赤ちゃん教育

1938年のハワード・ホークス監督『赤ちゃん教育』を観る。主演はケーリー・グラントとキャサリン・ヘプバーン。

これを書くために、ウィキペディアで制作年を確認して初めて、30年代の映画ということを知ってびっくりした。1938年の映画にはとても思えない。

ケーリーは23歳、キャサリンは21歳のころの映画である。DVDの画質があまりに低く、ふたりの顔がよく見えなかったけれど、こんなに若かったとは。やはり、パンツスタイルだと現代的に見えるからかなぁ。
キャサリンの演技はとにかく見ごたえがあり、ケーリーはまだすこし青臭い。というか、わたしが見るケーリーはいっつもおんなじ演技におんなじ表情だ。でもそこがいいところでもあるのだろう。

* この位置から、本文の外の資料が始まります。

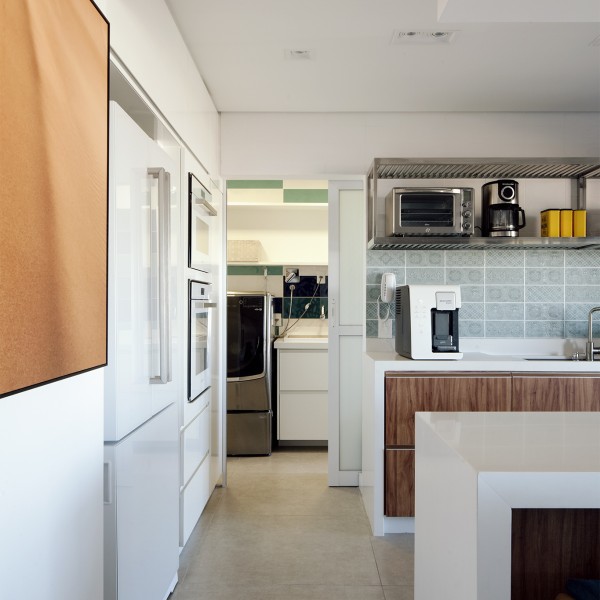 Vista do Corredor para a Cozinha e Área de Serviço.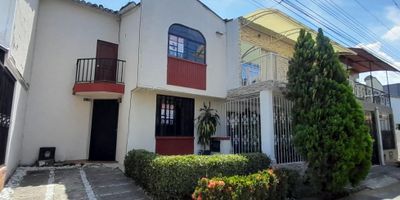 ? Arriendo casa de dos pisos en Riberas del Rosario, Jamundí. Cuenta con sala comedor, cocina sencilla, zona de oficios, dos alcobas (una con closet), dos baños, balcón y parqueadero. Estrato 4. Excelente ubicación, cerca al Centro Comercial Alfaguara, Éxito WOW y Supermercado La Gran Colombia. Una opción cómoda y bien ubicada para una familia pequeña.
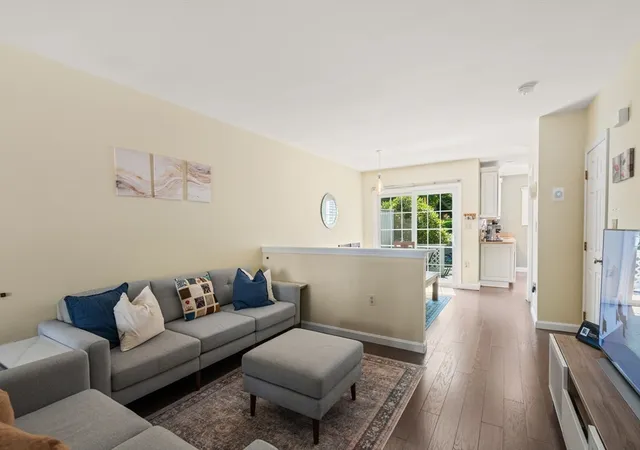 4th image of 8 Turning Mill Ln, Quincy, MA 02169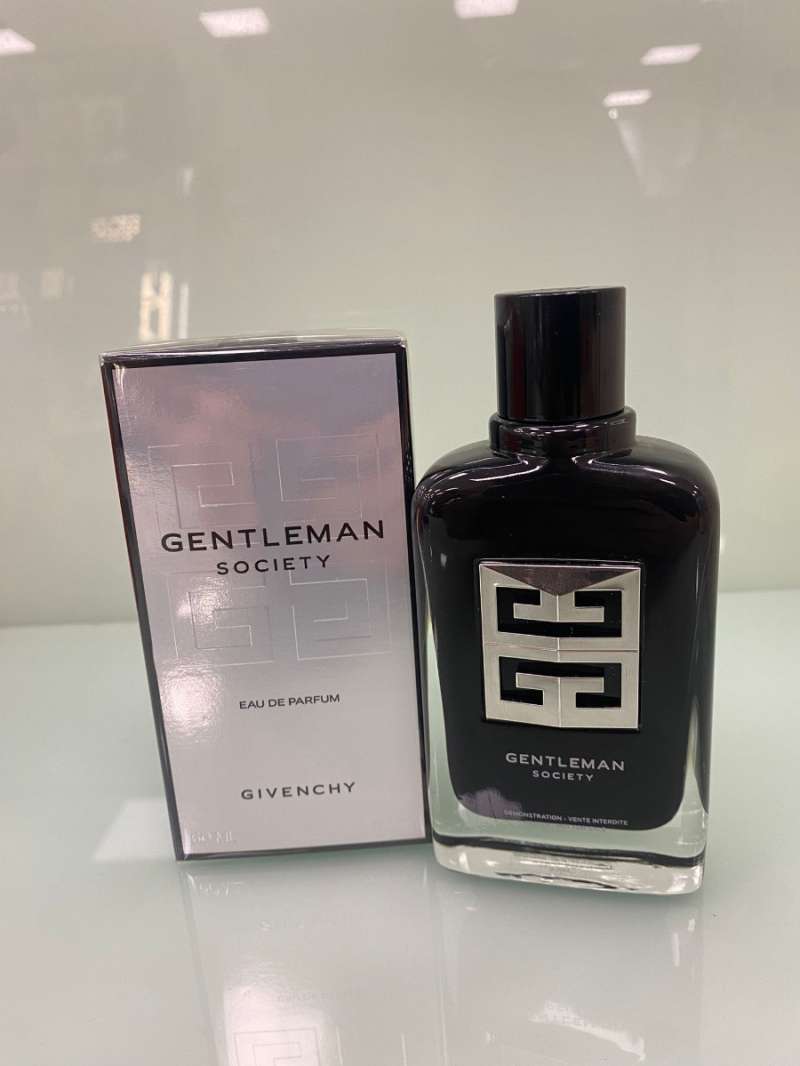Eau de Parfum Gentleman Society di Givenchy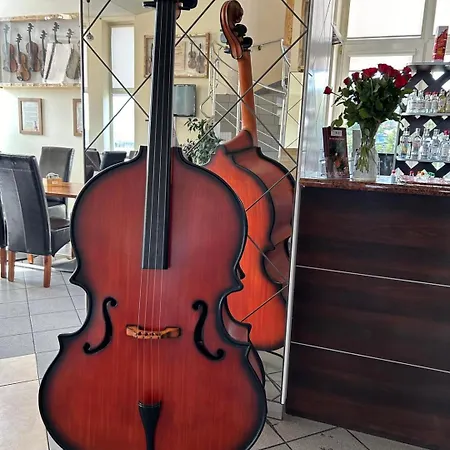 Tirest Ξενοδοχείο Grebiszew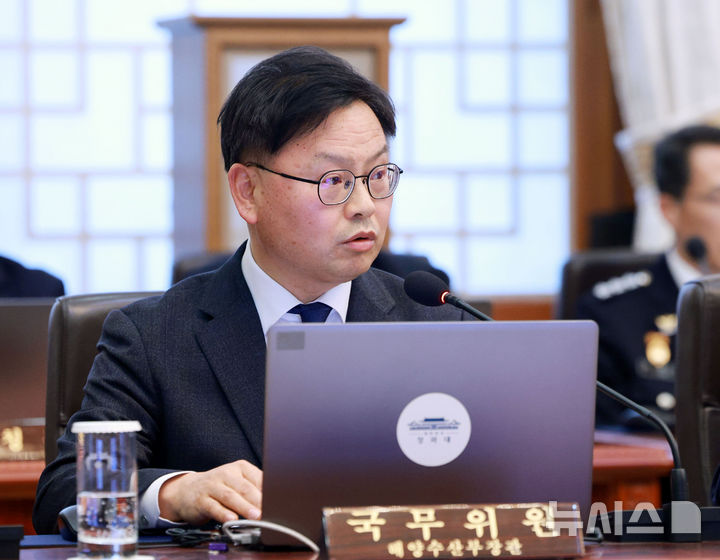 [서울=뉴시스] 고범준 기자 = 김성범 해양수산부 차관이 3일 청와대에서 열린 국무회의에서 발언하고 있다. 2026.02.03. bjko@newsis.com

キャサリンはやっぱりハリウッドナンバー1の女優なだけあるなぁ、ほんとうに。どうしてこんなにゴージャスで、貫禄があって、危うさがすこしもないんだろう。21歳に見えるかも知れないけれど、21歳とは思えない。
演技がうまいとか自然体というよりは、もはや完璧。模範解答であり、これっぽっちもそれが定型的なわけではない。
『赤ちゃん教育』といっても、人間の赤ちゃんが出てくるのではなく、出てくる赤ちゃんは豹の赤ちゃんである。
No Animals Were Harmedの文化はまだないのか、何もクレジットが出ずになんだかちょっと怖かった。痛いことをしてないといいんだけど。

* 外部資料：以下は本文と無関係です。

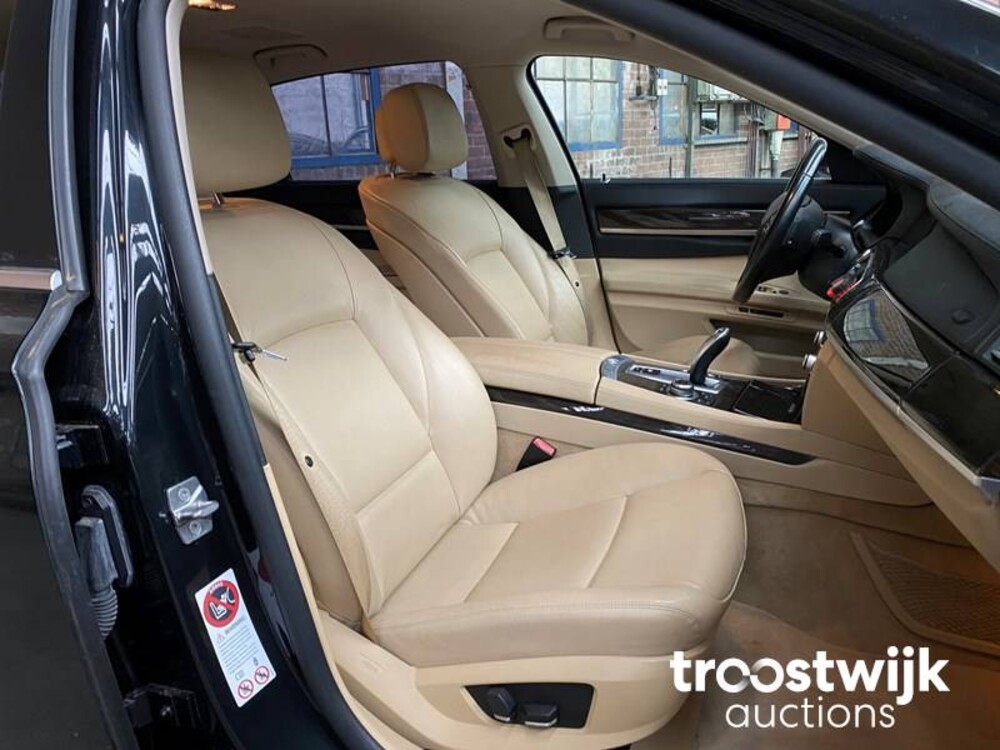 BMW 750 IL Active Hybrid 7-serie 465pk 2012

すごいストーリーにすごい演技だったけれど、そもそもわたしはドタパタ劇があんまり好きじゃない。それに、大声も好きじゃない。この時代のハリウッド映画は、みんな少し声を張り上げすぎだ。テレビの音量を下げればいいじゃないか、と思われそうだが、そういう問題ではなく、きっちり腹から発声されている声が苦手なのだ。
キャサリン・ヘプバーンは、まったく見事な腹式発声をしていて、わたしはだからテレビ越しにすこし物怖じしてしまう。
声の大きい人とは仲良くなれない、と子どものころから断定している。(ばかみたいですみません)

ただの好き嫌いの羅列になってきたが、ケーリー・グラントもちょっと苦手なので、この映画をあんまり愉しめなかったというのが結論である。
でもキャサリン・ヘプバーンは美しかった。あまり彼女の出演作を観ていないが、ここまで美しい彼女には初めてお目にかかった。それに、なんてパンツルックが似合うことか。心配になるくらい細い腰!

豹ありきのストーリーであり、コメディだから別にいいのだが、内容の薄い映画ではあるけれど、完成度の高いドタバタ劇は観られる映画。
ずっと気になっていたが、登場人物たちは最初から最後までほんとうによくしゃべっていたのに、表示される日本語字幕はあきらかにその半分以下だった。ポツポツとしか訳してくれないのだ。英語くらい聞き取りたいところだが、邦画でも字幕が必要な人間なので、これには弱った。ちゃんと全部の台詞を把握できたらもう少しおもしろかったかな。
名作を復刻されているDVD制作会社にはもう少しがんばってもらわないと・・。